So we began a new life. I did not quite believe it then. And I am still uncertain whether the period that followed disfigured or energized my life. I was to lose the pattern and restraint of family habits during that time, and as a result, later on, there would be a hesitancy in me, as if I had too quickly exhausted my freedoms. In any case, I am now at an age where I can talk about it, of how we grew up protected by the arms of strangers. And it is like clarifying a fable, about our parents, about Rachel and myself, and The Moth, as well as the others who joined us later. I suppose there are traditions and tropes in stories like this. Someone is given a test to carry out. No one knows who the truth bearer is. People are not who we think they are. And there is someone who watches from an unknown location. I remember how my mother loved to speak of those ambivalent tasks given to loyal knights in Arthurian legends, and how she told those stories to us, sometimes setting them in a specific small village in the Balkans or in Italy, which she claimed she had been to and found for us on a map.
This is where some people claim that I’m too critical of books. To me, the second half of this paragraph is overwritten a bit. This explanation to the readers that there is going to be more to the story than what it might seem was silly to establish because this is literature and most stories are meant to not be exactly what they appear to be. If a story is exactly what the reader expects it to be, then it might not be a very good story. Or maybe I’m reading too much into this paragraph. Anyway, I thought a bit of it was unnecessary.

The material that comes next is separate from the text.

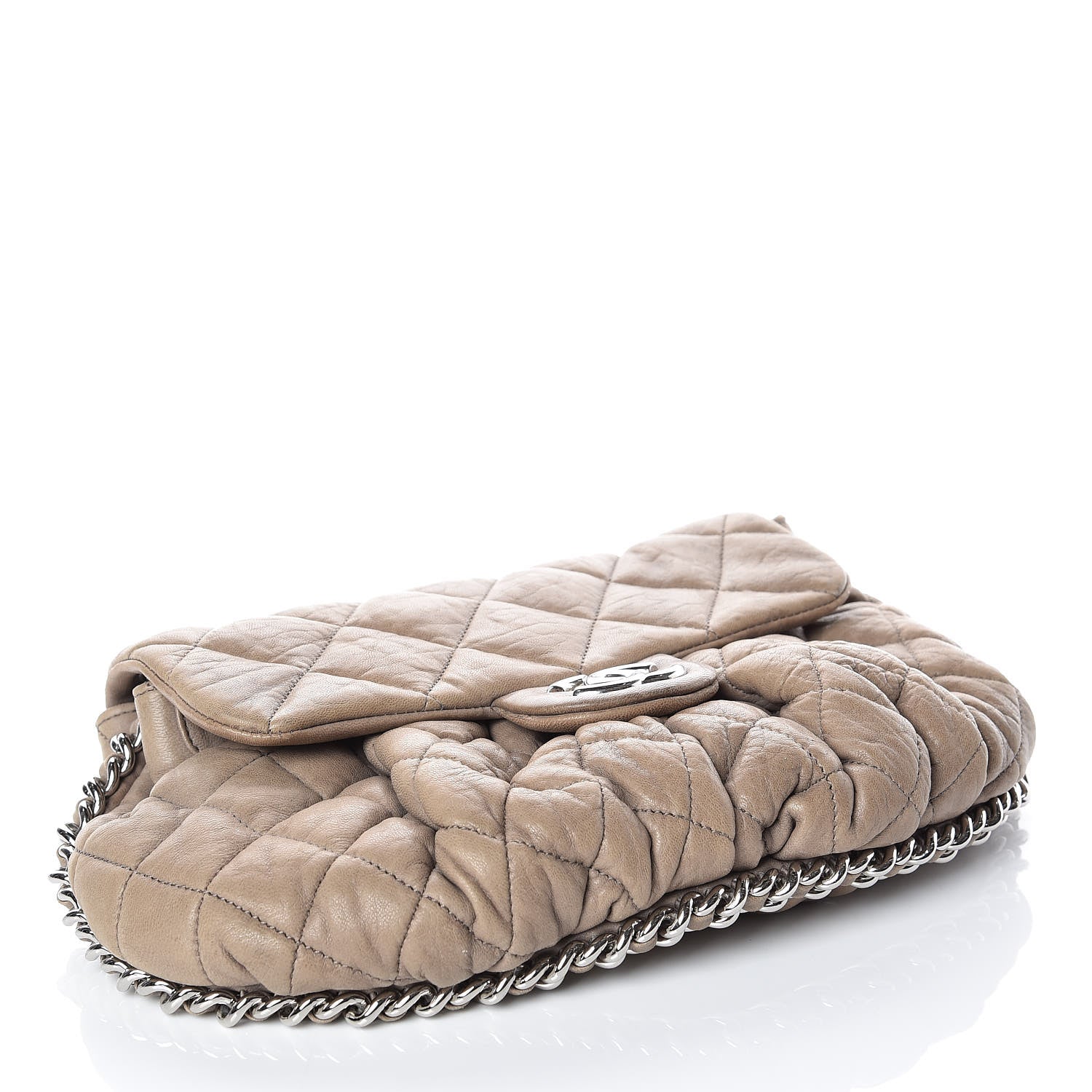 Chanel Washed Lambskin Quilted Medium Chain Around Messenger Taupe 4 of 24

What I just wrote might not make much sense without more context from Warlight, but there’s only so much that I can excerpt in a blog post.
To be fair, this author knows more about writing than I do. Michael Ondatje also wrote The English Patient over 25 years ago This might lead some critics to compare Warlight to it. The English Patient won the Man Booker Award in 1992, but that doesn’t make as much news in the United States. Most Americans will read a book from England and watch a movie from England, but most Americans don’t pay attention to awards in England. The English Patient was a huge movie over 20 years ago, so huge that it won an Oscar, and that’s what Americans pay attention to. Even more impressive, an episode of Seinfeld mocked the popularity of the movie. Back in the 1990’s, I would have taken being mocked by Seinfeld over winning an Oscar, and The English Patient got both.
Now The English Patient is one of five Man Booker Award winners up for the Golden Man Booker award, which is kind of like the ULTIMATE MAN BOOKER AWARD!!!! I don’t know if this was intentional on Ondaatje’s part, releasing a new novel while an older novel is being judged. If Warlight approaches the quality or popularity of The English Patient, does it take away from the greatness of The English Patient? If Warlight isn’t anywhere near the quality or popularity of The English Patient, does it hurt Ondaatje’s reputation as a writer and therefore affect how The English Patient is treated in the vote?
From what I’ve read so far, Warlight tells a good story, but The English Patient tells a great story. That’s not an insult to Warlight or its author. An author is lucky if he/she can get one great story told in a lifetime. Most authors would be happy with one novel like The English Patient. If I had written The English Patient, I’d brag about it.
“You know The English Patient?” I’d say to complete strangers. “That was mine. I wrote it.”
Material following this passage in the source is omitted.